Challenge for journalists and educators
There's this debate in journalism classrooms: How much time do you spend training students on software and how much time do you spend teaching about the actual thought process and skill of being a journalist. In the industry, the challenge is how can you afford the tech know-how without finding journalists who already know the software. Honestly, I think it's a mess.
Some of my students really get the software and they're going to snag AMAZING jobs. But the average student shouldn't be expected to understand the nitty gritty of CSS and Action Script 2.0 and 3.0. I think most students should understand what technology can do. If they understand the potential, then they can team up with someone who knows the tech side of things and communicate his or her need. Even better... If I show them the basics, they they can take the initiative to learn more outside of class.

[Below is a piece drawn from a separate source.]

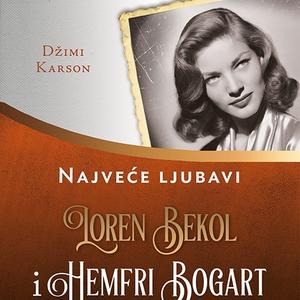 Glossy vam poklanja novi roman Džimija Karsona- Loren Bekol i Hemfri Bogart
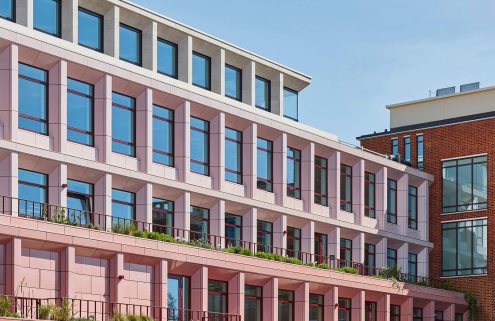 Extreme makeover: brutalist buildings have become a vast resource for developers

Right now, I teach the basics of Flash to my students so they understand its potential. If I understood Flex and had a basic understanding of that, I'd do the same with it. I think students who can think on a multi-layer, interactive level can think about delivering news differently. Once you know how to deliver news differently, you start to realize that life doesn't have to be linear anymore. There are new ways to present, explain and share. Until now, journalism had a starting and ending point. Now it can be up to the online user to decide what they want to learn. They can stay as long or as short as they'd like. They can come back and learn more if they want. They can choose to ignore all of it or expand their research beyond what one website has to offer.
It's a new world. Not everyone is going to take advantage of it all. I hope I can at least offer the gift of understanding what's out there to my students.